Exercise:
From the material below, return exactly the lines starting at the one that holds "beige low-heeled shoes" and ending at the one that holds "Attendees wait for". Pictures stay out of the answer.

Data provided:
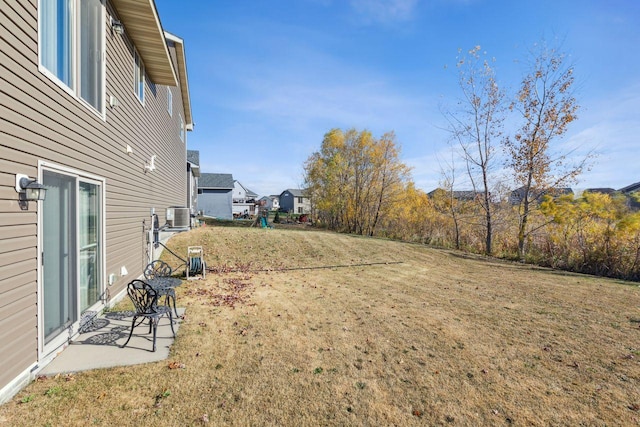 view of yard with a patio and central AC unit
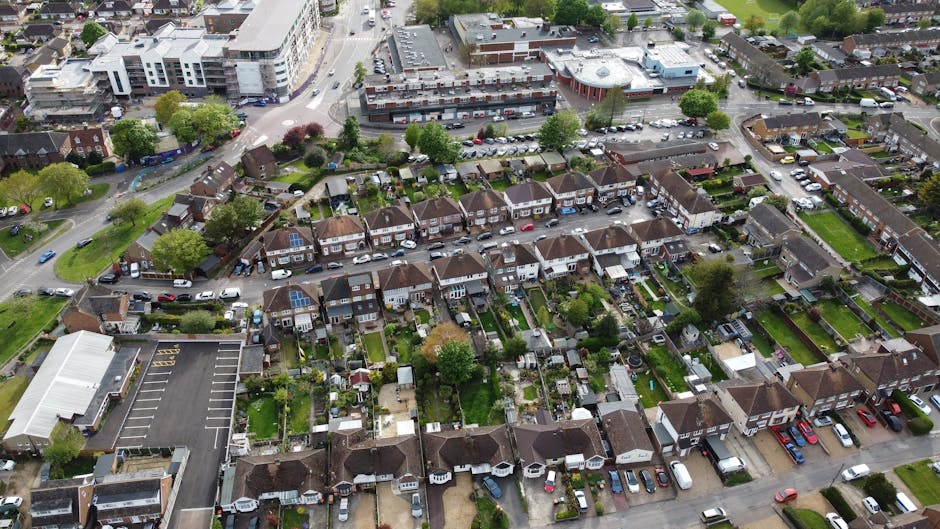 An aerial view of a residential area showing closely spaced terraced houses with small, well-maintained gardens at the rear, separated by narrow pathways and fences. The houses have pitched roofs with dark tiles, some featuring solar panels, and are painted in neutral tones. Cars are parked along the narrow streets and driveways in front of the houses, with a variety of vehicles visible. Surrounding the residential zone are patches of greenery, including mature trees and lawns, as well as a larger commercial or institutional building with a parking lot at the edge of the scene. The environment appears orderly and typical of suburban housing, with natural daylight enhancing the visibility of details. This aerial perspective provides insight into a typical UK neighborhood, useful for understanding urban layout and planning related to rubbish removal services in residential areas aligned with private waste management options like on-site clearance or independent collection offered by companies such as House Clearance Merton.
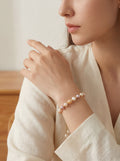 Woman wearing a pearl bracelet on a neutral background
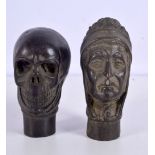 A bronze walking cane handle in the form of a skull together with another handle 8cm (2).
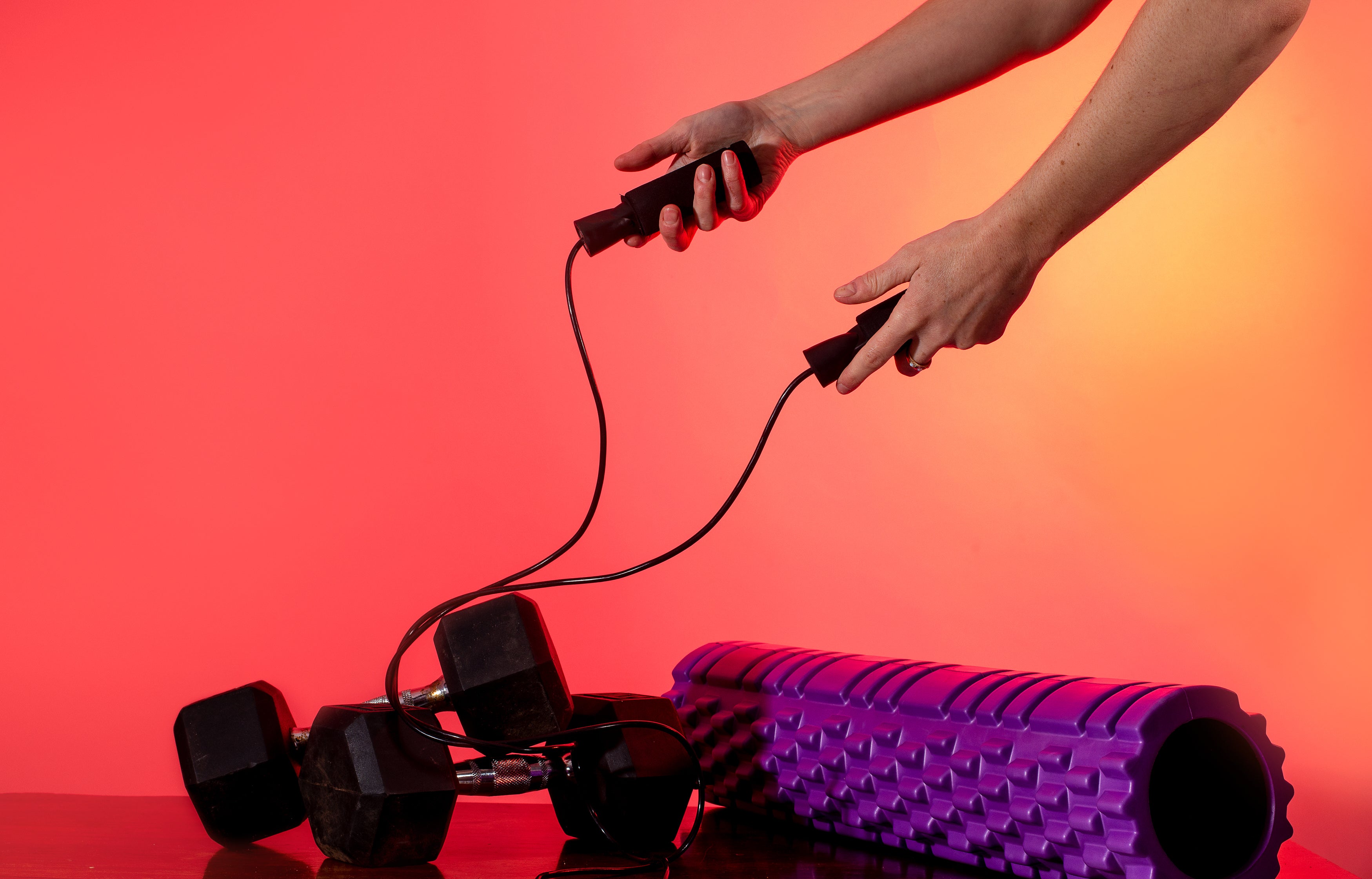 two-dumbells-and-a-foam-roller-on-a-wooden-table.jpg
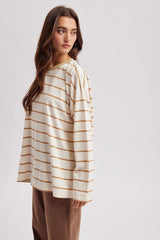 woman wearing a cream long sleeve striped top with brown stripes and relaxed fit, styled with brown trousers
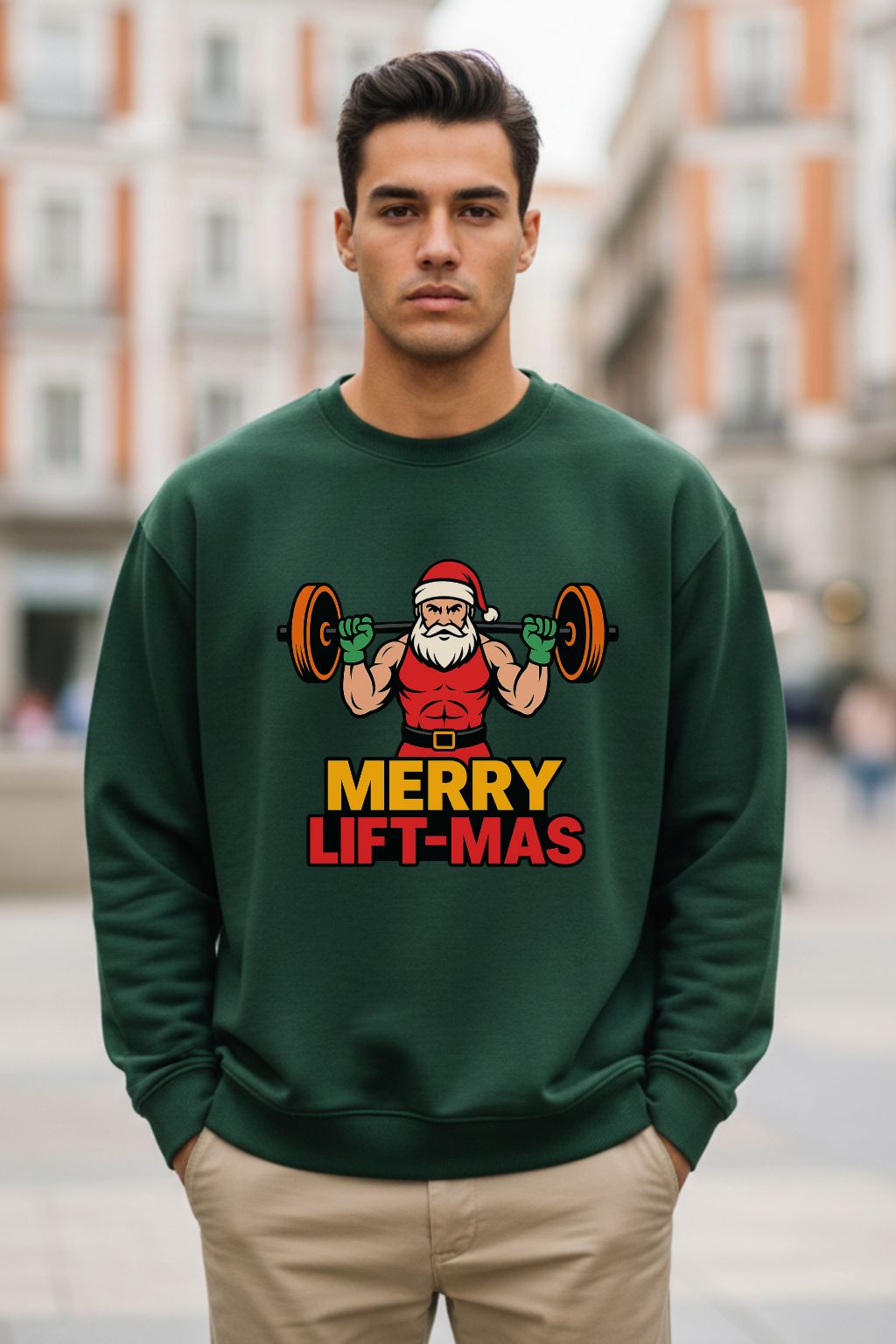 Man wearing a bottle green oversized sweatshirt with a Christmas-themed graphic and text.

--

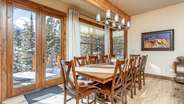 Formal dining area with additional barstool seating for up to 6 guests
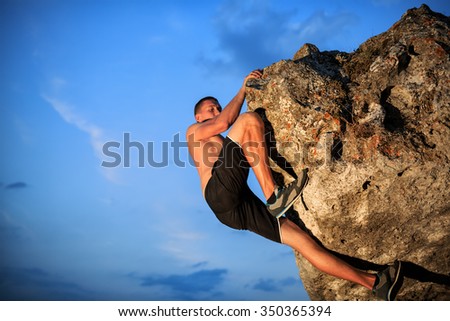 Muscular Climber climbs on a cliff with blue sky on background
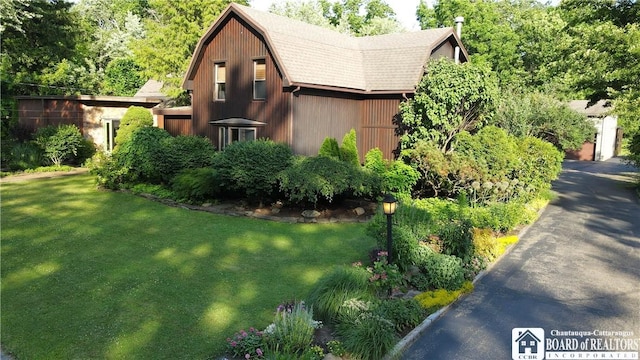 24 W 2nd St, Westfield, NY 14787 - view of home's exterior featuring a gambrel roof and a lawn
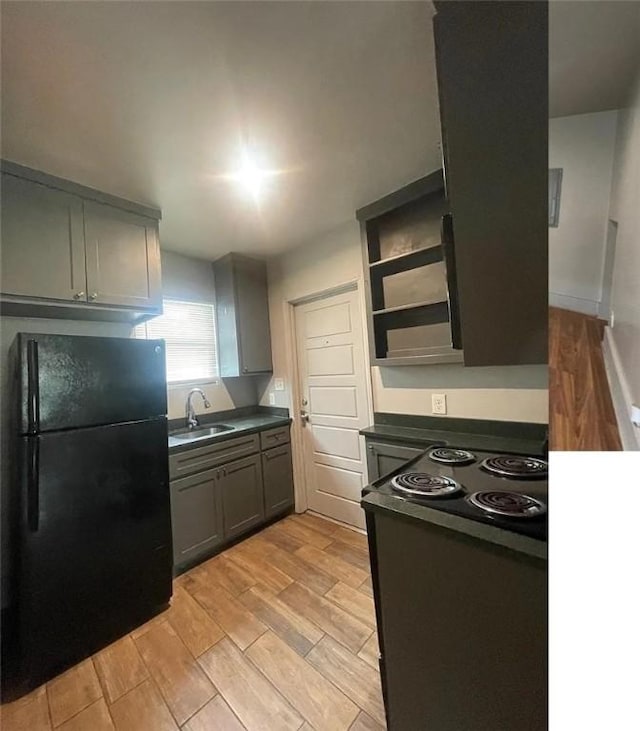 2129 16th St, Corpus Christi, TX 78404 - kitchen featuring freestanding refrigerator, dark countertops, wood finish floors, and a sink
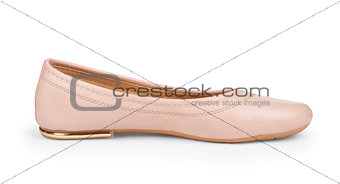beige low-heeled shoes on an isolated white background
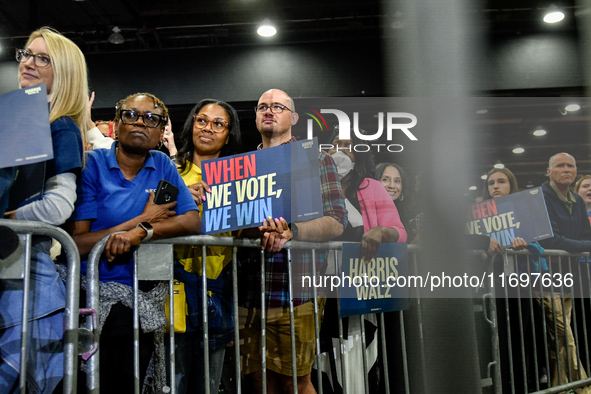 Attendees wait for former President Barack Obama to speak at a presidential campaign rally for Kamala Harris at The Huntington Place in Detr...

Answer space:
beige low-heeled shoes on an isolated white background
 Attendees wait for former President Barack Obama to speak at a presidential campaign rally for Kamala Harris at The Huntington Place in Detr...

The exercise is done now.